▶ Problem statement: Give again, word for word, each line from the top of the listing through the line that holds "Prompt: 2 1".
== Excerpted records ==
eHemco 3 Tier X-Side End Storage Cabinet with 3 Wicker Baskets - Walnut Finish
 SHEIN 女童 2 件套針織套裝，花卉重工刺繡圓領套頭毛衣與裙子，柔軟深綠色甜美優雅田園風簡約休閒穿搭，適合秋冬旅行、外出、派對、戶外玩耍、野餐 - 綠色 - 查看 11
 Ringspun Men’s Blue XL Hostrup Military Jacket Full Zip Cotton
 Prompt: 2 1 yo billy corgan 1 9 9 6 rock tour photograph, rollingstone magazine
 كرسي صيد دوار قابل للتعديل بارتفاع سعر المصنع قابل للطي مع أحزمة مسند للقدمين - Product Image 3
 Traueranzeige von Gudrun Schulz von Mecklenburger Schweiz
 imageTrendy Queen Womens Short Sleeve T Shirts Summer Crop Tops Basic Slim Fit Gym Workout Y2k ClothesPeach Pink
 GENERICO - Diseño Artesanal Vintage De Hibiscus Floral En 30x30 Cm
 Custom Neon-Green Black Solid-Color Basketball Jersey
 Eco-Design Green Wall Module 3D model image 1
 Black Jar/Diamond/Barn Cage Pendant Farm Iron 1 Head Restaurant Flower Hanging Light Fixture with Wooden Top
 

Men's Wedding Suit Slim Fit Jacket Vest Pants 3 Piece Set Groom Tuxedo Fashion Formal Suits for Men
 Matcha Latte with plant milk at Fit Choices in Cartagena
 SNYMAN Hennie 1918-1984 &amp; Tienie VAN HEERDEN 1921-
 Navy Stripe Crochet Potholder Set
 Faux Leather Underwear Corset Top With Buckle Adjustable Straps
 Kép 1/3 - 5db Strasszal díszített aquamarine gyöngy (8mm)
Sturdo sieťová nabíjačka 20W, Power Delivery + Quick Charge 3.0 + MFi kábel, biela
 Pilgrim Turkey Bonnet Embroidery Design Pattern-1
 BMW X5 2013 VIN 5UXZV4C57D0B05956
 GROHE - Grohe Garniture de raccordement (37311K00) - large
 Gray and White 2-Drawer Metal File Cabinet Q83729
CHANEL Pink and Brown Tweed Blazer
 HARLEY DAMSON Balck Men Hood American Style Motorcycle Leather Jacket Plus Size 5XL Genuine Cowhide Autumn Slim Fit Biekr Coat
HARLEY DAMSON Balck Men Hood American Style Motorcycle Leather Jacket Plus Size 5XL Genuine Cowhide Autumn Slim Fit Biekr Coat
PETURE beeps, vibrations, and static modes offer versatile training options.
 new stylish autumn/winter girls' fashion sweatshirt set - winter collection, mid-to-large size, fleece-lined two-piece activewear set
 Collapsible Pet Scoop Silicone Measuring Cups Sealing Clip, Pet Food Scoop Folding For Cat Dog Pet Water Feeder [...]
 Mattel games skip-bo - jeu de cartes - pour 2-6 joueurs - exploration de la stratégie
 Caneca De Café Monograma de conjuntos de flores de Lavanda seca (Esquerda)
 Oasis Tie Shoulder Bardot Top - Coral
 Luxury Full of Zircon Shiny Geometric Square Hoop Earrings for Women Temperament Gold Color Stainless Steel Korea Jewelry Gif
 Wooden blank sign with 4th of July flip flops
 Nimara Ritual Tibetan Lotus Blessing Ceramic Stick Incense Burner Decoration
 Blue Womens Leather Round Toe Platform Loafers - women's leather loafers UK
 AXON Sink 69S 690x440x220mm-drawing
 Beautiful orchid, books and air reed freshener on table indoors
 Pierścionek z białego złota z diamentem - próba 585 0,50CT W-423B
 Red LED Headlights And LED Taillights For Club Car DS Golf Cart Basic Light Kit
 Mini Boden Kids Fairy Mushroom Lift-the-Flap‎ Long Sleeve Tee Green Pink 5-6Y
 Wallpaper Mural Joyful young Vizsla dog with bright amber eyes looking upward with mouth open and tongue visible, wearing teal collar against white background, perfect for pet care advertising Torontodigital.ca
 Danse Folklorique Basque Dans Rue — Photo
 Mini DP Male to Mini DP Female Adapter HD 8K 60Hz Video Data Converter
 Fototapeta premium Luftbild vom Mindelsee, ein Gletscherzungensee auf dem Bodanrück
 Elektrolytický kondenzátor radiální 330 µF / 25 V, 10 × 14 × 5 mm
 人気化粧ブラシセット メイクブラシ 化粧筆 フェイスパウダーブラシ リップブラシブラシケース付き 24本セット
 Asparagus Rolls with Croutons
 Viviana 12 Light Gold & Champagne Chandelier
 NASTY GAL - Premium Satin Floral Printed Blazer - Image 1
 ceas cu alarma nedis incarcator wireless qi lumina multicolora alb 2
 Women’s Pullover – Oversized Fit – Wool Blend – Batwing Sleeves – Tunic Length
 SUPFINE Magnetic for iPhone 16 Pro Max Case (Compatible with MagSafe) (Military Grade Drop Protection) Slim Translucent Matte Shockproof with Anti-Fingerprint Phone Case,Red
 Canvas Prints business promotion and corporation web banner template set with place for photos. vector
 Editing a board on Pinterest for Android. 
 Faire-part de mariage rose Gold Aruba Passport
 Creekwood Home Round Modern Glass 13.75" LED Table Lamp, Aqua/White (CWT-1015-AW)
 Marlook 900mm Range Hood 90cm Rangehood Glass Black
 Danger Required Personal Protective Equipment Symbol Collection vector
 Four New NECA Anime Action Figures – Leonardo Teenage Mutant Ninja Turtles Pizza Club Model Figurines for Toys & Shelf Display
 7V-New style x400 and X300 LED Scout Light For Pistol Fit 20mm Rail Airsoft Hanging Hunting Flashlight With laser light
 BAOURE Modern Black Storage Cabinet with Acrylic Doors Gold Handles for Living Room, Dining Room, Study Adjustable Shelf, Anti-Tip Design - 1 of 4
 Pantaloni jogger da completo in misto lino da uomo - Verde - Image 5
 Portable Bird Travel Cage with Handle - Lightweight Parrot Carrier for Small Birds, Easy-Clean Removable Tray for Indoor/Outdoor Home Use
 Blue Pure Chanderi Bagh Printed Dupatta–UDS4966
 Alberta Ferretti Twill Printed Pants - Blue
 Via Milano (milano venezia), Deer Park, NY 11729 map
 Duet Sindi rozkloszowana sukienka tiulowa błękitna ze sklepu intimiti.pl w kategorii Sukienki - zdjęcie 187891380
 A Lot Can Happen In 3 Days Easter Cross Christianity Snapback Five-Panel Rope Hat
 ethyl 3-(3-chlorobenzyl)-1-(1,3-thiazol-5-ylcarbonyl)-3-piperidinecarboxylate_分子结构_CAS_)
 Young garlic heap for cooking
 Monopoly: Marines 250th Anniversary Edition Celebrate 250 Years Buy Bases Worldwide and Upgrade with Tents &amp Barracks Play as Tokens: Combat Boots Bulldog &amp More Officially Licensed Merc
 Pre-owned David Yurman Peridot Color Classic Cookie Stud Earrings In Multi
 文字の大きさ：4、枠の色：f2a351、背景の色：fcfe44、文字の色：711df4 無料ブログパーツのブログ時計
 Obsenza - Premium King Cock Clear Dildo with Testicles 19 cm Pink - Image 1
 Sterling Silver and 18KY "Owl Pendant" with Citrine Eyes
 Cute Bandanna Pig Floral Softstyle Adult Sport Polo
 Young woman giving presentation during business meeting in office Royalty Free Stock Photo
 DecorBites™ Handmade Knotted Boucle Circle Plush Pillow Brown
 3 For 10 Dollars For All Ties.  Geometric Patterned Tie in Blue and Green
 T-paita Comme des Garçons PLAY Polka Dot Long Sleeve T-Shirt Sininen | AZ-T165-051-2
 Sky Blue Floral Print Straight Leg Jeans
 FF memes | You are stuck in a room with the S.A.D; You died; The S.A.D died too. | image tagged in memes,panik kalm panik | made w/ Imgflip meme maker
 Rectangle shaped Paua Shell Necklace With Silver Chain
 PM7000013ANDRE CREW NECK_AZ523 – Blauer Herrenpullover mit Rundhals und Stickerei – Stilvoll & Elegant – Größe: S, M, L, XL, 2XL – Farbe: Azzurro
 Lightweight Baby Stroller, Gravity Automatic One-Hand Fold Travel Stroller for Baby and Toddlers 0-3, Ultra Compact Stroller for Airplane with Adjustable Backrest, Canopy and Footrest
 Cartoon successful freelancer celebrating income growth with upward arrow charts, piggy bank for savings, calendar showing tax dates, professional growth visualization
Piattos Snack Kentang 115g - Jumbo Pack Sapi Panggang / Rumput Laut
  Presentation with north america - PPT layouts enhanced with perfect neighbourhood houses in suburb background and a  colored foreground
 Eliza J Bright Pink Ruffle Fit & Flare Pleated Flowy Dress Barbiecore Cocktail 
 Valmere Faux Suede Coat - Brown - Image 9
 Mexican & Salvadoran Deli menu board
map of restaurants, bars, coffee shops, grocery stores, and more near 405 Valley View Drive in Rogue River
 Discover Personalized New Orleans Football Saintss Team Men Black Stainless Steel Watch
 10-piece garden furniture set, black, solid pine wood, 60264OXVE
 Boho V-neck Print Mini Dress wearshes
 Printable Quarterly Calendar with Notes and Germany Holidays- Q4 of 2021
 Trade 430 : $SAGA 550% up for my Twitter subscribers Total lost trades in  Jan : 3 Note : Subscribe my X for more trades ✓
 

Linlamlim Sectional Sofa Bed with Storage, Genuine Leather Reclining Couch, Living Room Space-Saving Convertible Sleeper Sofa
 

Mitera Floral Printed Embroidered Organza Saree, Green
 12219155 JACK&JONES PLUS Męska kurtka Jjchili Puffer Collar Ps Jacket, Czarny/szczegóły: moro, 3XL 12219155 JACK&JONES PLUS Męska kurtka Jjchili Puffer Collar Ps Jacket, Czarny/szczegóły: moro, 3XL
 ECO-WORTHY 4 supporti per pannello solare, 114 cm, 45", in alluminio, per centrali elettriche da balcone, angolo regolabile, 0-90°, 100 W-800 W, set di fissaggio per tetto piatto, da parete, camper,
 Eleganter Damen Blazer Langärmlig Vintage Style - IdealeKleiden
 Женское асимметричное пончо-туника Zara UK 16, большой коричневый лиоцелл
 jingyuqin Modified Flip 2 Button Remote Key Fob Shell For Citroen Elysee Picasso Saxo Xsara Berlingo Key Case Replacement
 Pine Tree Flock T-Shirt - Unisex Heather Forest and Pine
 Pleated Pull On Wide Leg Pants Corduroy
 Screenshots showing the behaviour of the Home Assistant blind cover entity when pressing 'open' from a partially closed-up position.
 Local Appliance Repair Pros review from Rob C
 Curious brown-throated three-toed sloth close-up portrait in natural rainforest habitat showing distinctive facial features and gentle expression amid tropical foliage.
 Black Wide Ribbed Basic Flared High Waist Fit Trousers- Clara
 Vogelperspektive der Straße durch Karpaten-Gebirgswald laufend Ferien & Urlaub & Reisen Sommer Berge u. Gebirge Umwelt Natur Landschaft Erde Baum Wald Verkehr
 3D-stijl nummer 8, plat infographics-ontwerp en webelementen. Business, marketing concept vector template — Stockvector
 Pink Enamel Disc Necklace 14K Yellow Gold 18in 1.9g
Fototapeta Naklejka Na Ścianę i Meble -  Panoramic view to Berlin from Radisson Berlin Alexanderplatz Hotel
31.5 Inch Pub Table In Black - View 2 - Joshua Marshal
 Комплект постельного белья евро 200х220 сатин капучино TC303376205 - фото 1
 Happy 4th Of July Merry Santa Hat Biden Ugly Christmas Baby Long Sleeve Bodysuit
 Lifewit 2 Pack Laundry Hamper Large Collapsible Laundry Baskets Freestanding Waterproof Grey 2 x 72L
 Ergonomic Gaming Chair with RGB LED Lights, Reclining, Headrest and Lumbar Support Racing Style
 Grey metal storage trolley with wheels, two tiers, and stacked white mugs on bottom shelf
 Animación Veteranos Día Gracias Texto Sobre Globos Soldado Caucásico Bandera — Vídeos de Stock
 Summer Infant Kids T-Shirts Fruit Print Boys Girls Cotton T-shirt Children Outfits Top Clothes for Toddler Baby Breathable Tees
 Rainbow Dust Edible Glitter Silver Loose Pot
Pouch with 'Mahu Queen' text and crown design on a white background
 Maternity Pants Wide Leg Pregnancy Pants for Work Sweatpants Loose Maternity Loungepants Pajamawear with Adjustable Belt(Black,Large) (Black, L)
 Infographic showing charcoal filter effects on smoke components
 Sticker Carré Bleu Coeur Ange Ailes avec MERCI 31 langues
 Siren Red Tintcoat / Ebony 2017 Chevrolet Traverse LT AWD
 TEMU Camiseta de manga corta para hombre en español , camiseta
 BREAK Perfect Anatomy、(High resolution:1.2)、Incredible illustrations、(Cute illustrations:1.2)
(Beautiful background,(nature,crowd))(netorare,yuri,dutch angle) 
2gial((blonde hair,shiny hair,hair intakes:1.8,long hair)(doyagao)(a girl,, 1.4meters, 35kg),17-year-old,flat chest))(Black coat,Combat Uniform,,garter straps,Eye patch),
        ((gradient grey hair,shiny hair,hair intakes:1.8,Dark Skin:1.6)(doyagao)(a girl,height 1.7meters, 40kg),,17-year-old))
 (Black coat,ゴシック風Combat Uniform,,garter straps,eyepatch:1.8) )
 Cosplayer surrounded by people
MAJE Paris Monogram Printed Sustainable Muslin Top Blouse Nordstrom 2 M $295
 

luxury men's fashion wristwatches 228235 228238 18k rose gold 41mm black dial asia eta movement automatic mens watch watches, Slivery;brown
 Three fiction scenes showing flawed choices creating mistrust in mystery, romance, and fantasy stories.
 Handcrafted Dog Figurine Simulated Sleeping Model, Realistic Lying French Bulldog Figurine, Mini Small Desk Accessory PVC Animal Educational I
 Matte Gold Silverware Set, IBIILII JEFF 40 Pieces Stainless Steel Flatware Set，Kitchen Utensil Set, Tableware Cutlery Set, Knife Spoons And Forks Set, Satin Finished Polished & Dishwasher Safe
===
▶ Completed exercise:
eHemco 3 Tier X-Side End Storage Cabinet with 3 Wicker Baskets - Walnut Finish
 SHEIN 女童 2 件套針織套裝，花卉重工刺繡圓領套頭毛衣與裙子，柔軟深綠色甜美優雅田園風簡約休閒穿搭，適合秋冬旅行、外出、派對、戶外玩耍、野餐 - 綠色 - 查看 11
 Ringspun Men’s Blue XL Hostrup Military Jacket Full Zip Cotton
 Prompt: 2 1 yo billy corgan 1 9 9 6 rock tour photograph, rollingstone magazine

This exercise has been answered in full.